Data extract
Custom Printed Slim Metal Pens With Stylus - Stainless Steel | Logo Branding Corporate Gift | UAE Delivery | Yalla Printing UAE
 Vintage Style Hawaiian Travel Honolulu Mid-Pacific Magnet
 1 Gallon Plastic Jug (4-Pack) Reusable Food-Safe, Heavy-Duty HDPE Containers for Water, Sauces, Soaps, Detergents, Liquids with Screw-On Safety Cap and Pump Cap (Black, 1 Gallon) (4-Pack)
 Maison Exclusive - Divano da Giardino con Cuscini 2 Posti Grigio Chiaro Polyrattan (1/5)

Instructions to follow
Please print all of the material again with no alteration.

Answer to this problem
Custom Printed Slim Metal Pens With Stylus - Stainless Steel | Logo Branding Corporate Gift | UAE Delivery | Yalla Printing UAE
 Vintage Style Hawaiian Travel Honolulu Mid-Pacific Magnet
 1 Gallon Plastic Jug (4-Pack) Reusable Food-Safe, Heavy-Duty HDPE Containers for Water, Sauces, Soaps, Detergents, Liquids with Screw-On Safety Cap and Pump Cap (Black, 1 Gallon) (4-Pack)
 Maison Exclusive - Divano da Giardino con Cuscini 2 Posti Grigio Chiaro Polyrattan (1/5)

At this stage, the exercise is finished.